Print exactly, and only, the lines running from the line containing "vidaXL Book Cabinet" through the end of the records below.

*** MATERIAL FOR THIS EXERCISE Section Begins ***

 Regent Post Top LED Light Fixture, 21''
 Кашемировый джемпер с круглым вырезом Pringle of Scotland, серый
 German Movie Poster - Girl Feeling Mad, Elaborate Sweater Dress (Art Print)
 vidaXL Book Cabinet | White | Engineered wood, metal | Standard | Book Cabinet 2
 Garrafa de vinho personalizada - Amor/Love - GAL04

*** MATERIAL FOR THIS EXERCISE Section Ends ***

EXERCISE SOLUTION:
 vidaXL Book Cabinet | White | Engineered wood, metal | Standard | Book Cabinet 2
 Garrafa de vinho personalizada - Amor/Love - GAL04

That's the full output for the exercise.